III. Verhaltensweise des Prozessbevollmächtigten

Wird ein die ursprüngliche Streitwertfestsetzung abändernder Beschl. zugestellt oder verkündet, so sollte stets im Fristenkalender die – nicht verlängerbare – Monatsfrist des § 107 Abs. 2 ZPO notiert werden. Innerhalb dieser Frist ist dann zu prüfen, ob die Streitwertänderung zu einer dem Mandanten günstigeren Kostenfestsetzung führt. In diesem Fall sollte dann der Abänderungsantrag innerhalb der Monatsfrist gestellt werden. Ein solcher Antrag kommt dann in Betracht, wenn eine Streitwertherabsetzung zu einem niedrigeren Erstattungsbetrag führt, den der Mandant zu erstatten hat. Umgekehrt kann eine Streitwerterhöhung auch zu einem höheren Kostenerstattungsanspruch des Mandanten führen, wenn dieser erstattungsberechtigt ist.

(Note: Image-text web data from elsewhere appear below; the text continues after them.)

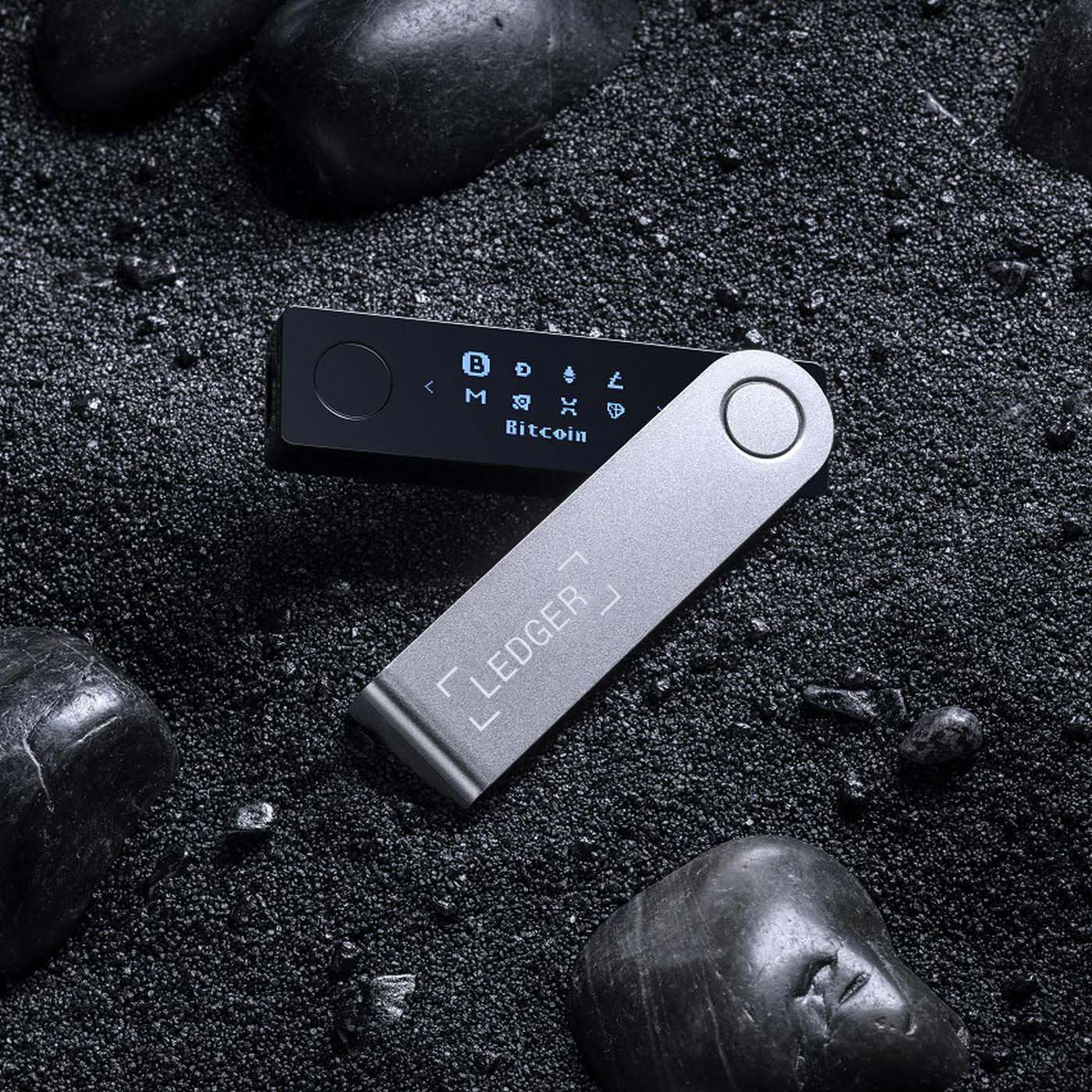 Vergleich: Ledger Nano S Plus vs. Ledger Nano X - CoinPro.ch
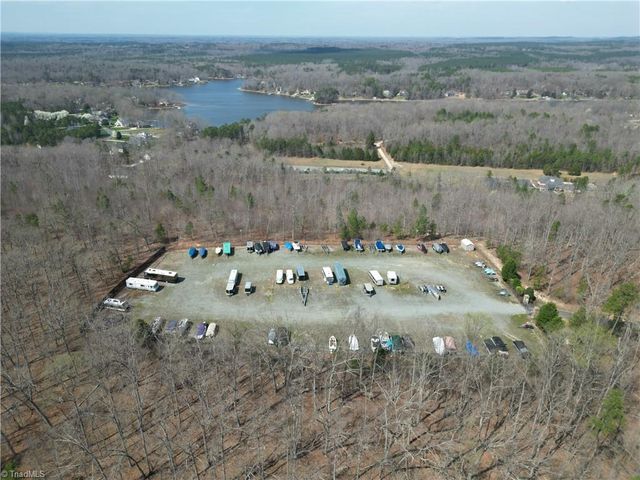 367 Rocky Cove Lane, Denton, NC 27239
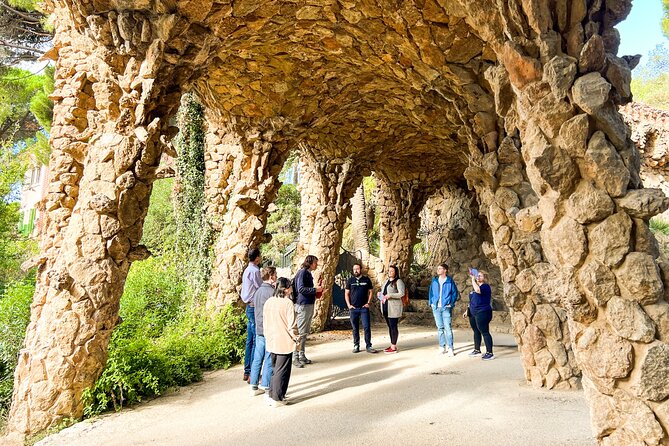 Park Guell and Sagrada Familia Tour with Skip the Line Tickets - Group tour or private tour?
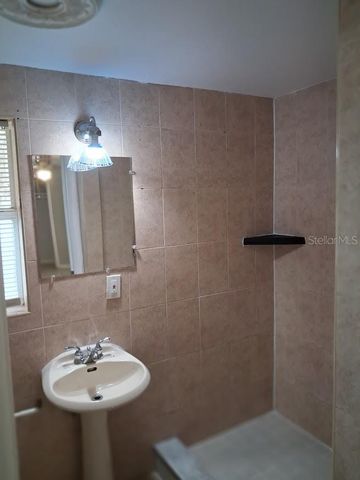 4926 COLONNADE AVENUE, Holiday, FL 34690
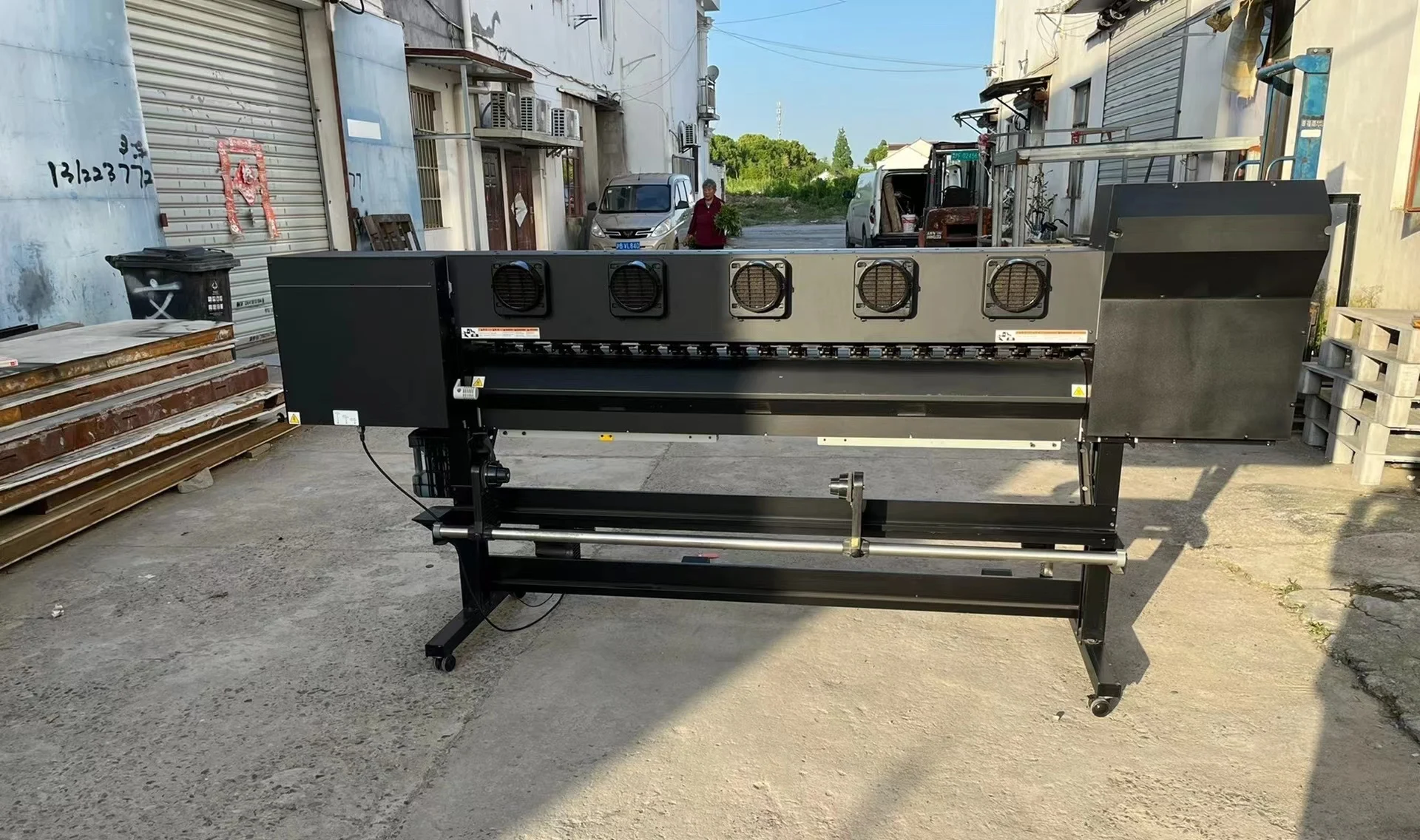 Mimaki JV300 printer for fade resistant outdoor images crisp high impact durable print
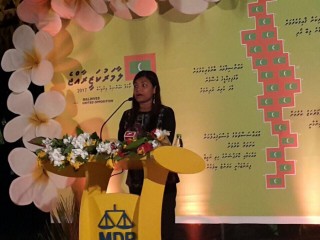 ރޮޒައިނާ ޖަލްސާއެއްގައި ވާހަކަ ދައްކަވަނީ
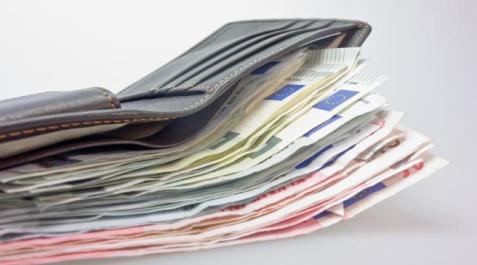 cartera Quedarse dinero encontrado en la calle es delito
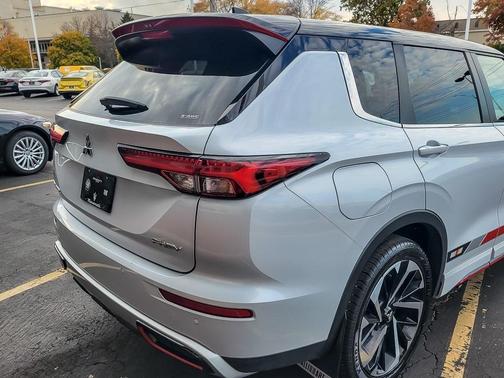 2024 Mitsubishi Outlander PHEV SE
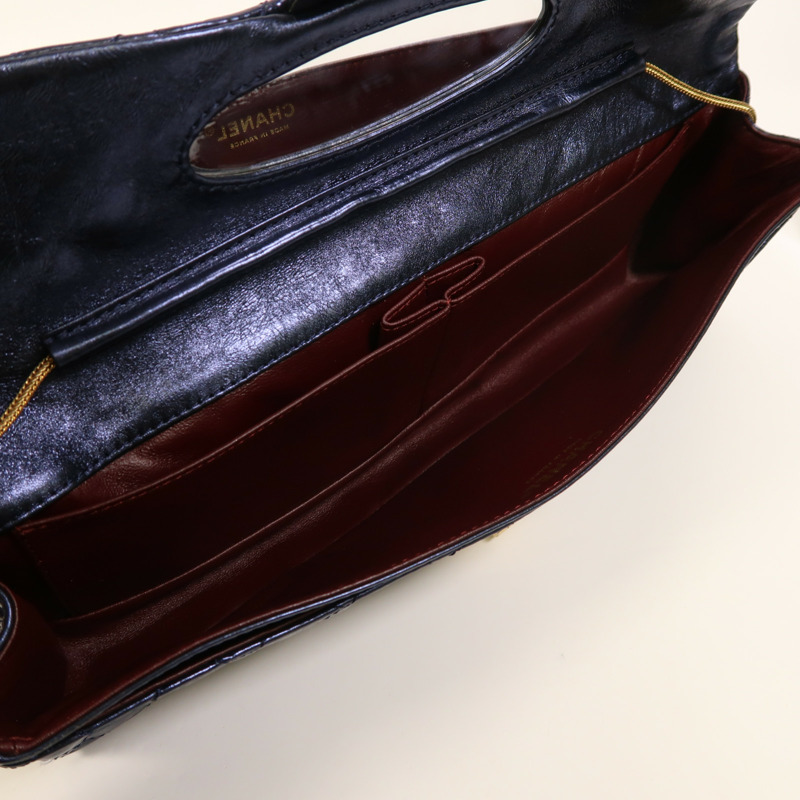 CHANEL 皮革2.55金扣鏈帶肩背袋-5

Versäumt es der Prozessbevollmächtigte, für den Mandanten einen gebotenen Abänderungsantrag innerhalb der Monatsfrist zu stellen, kann er sich schadensersatzpflichtig machen, wenn der erstattungsberechtigte Gegner trotz der Herabsetzung des Streitwertes den unverminderten festgesetzten Betrag vollstreckt. Der Schaden besteht dann in den Kosten einer Vollstreckungsgegenklage, die sich dann gegen die Zulässigkeit der Zwangsvollstreckung aus dem im Kostenfestsetzungsbeschluss titulierten Mehrbetrag richtet. Dieser Schadensersatzpflicht entgeht der Anwalt, wenn der Gegner in die Kosten des durch die Vollstreckungsgegenklage eingeleiteten Rechtsstreits verurteilt wird und dieser Kostenerstattungsanspruch auch durchgesetzt wer...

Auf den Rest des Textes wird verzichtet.